I don’t think that Mother Nature was listening when I made my rant about the omnipresent condition of the mud this year.  She turned a deaf ear, continued on with the rainy, cloudy, dreary schedule, threw in some snow just for fun, and simply wouldn’t let up. 

The mud continued through the rush for winterizing the farm—cleaning coops, moving hay bales, mulching carrots, picking Brussels sprouts, gathering fallen apples for the pigs.  Sometimes I’d have to wash my chore overalls every night, there’d be so much mud caked on the cuffs and knees.  No wonder walking became laborious—there was a lot of extra weight on board!

For two days, we dug up all the rest of the potatoes, kneeling in the mud with soggy gloves, piling the buried treasure in cardboard boxes and hauling them down to the farmhouse root cellar before conditions grew too cold.  Volunteers joined in, bringing their clean, new potato forks and work gloves.  Well, they weren’t so clean and new looking by the time we called it a day!

Kara hauled loads and loads with the skid-steer of soppy, muddy manure pack to pile up for compost beside the garden.  By springtime, it will be ready for spreading and turning into the sandy soils for growing next summer’s cucumbers and broccoli.  The mound made an earthen berm, just north of the duck pen.  It blocked the wind, which the ducks rather enjoyed during their last days by the garden.
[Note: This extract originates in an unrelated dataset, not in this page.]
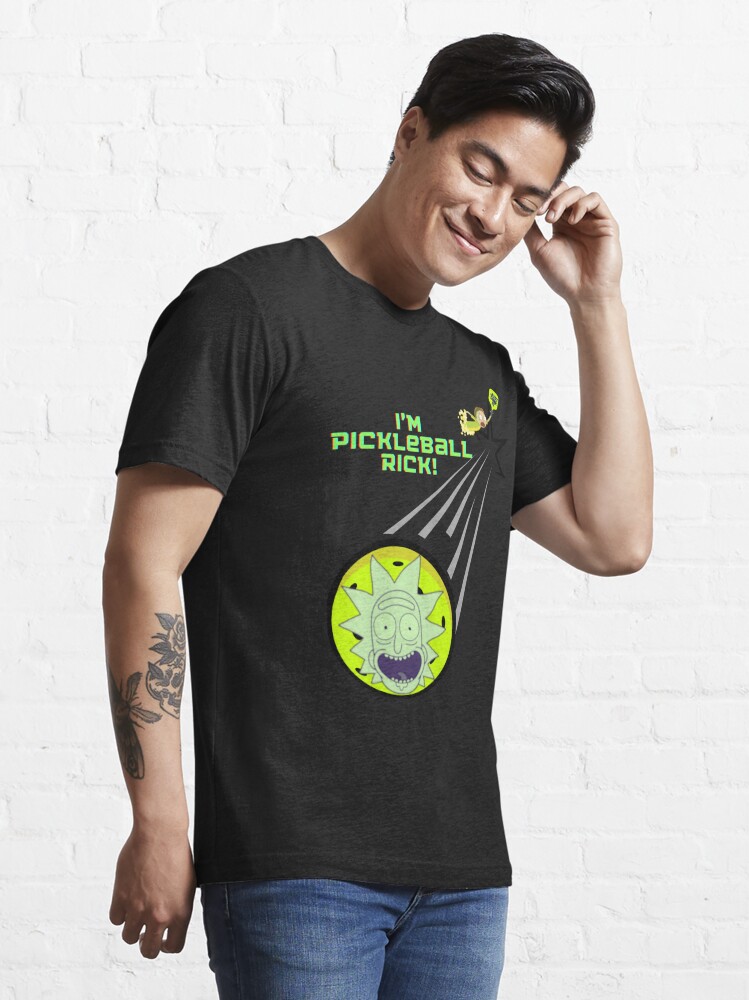 Rick and Morty I'm Pickle Rick T-Shirt* Size: XX-Large Black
And then, well, Mother Nature decided she would try on her winter wardrobe, liked the fit, and just didn’t put it away in the closet again.  Just when I thought that surely the pigs would simply disappear into the muck or that the golf cart was no longer going to be able to make it up the small hill to the barnyard, slipping and sliding in the greasy soil beneath the wetted grass, nature’s costume change arrived.